Not everybody agrees that 2007 Order was pro-cable. "Only the prices of television channels were frozen, the broadcasters' revenue was not. All deals are negotiated on the basis of subscribers. As the television subscribers grew, so did the income of the broadcasters," says a television distribution veteran at the Zee group. And now the price restriction has been set aside by the TDSAT.

What of the impact on viewers? According to Mansukhani who also advises the Hindujas on their cable business, at least 300 new channels have been launched since 2004. "And there is no price freeze on them. Imagine its impact on a television viewer's cable bill."

Secondly, broadcasters will now go back to bundling channels, since the a la carte menu has been quashed. In non-CAS areas, he adds, cable operators will have no bandwidth to accommodate the bouquets. "So I will be paying for channels which I can't show and the consumer may end up paying for channels that he can't see," says a livid Mansukhani.

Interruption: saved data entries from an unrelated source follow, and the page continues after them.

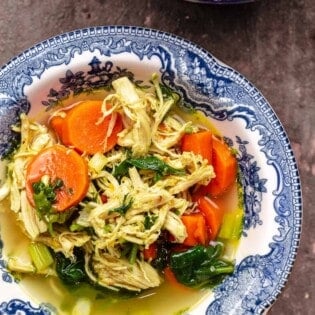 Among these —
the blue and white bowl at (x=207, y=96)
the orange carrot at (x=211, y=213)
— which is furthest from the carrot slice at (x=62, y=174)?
the orange carrot at (x=211, y=213)

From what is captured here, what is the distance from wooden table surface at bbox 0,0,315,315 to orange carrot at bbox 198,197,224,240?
0.31m

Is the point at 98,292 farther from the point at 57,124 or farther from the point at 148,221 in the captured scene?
the point at 57,124

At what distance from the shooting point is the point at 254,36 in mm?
2100

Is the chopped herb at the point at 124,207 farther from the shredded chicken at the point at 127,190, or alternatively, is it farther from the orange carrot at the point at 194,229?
the orange carrot at the point at 194,229

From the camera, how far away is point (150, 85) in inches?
75.9

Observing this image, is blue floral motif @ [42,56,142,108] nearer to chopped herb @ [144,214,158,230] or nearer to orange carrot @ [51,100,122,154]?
orange carrot @ [51,100,122,154]

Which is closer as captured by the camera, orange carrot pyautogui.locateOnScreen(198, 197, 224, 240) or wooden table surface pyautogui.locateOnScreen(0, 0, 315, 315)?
orange carrot pyautogui.locateOnScreen(198, 197, 224, 240)

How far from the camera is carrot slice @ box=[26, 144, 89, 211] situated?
73.2 inches

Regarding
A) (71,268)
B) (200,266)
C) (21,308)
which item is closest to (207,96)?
(200,266)

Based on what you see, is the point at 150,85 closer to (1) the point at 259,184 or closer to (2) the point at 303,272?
(1) the point at 259,184

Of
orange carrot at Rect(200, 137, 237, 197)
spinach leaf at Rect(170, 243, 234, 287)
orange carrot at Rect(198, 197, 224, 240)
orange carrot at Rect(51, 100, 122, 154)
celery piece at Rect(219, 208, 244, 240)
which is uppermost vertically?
orange carrot at Rect(51, 100, 122, 154)

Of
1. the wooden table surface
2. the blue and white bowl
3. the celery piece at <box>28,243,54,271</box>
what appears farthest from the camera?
the wooden table surface

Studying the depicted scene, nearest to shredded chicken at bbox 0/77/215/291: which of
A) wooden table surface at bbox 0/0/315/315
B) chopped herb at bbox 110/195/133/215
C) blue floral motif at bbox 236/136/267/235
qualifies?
chopped herb at bbox 110/195/133/215

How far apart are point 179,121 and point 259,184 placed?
31 centimetres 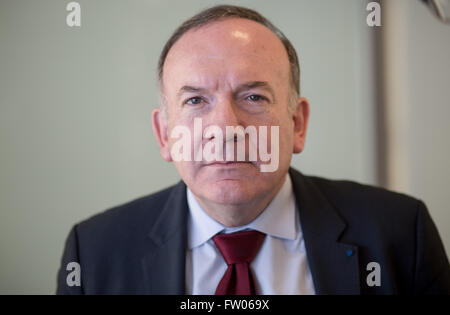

DTH tariffs could also go up since, based on the 2007 order, the Trai had issued an advisory to broadcasters to give their channels to DTH operators at 50 per cent of their rates in non-CAS areas. For instance, if a channel asked for Rs 10 per subscriber in a non-CAS area, he could ask for only Rs 5 from a DTH operator.

Tata Sky Chief Marketing Officer Vikram Mehra, however, did not comment on the TDSAT order.

Prices, however, may not rise immediately. For one, the TDSAT has given the Trai six months to come up with a fresh, comprehensive order. Also, broadcasters may not wish to annoy their channel distributors in the next two months as they still have to collect dues and meet their annual targets before the year ends. Given the cut-throat competition, it's also not immediately clear how cable or DTH operators will hike prices. In which case, their losses could mount substantially.

And yes, the Trai could just appeal the TDSAT verdict in the Supreme Court. One thing is clear though, a robust regulatory framework that is fair to all stakeholders in the industry is still some time away.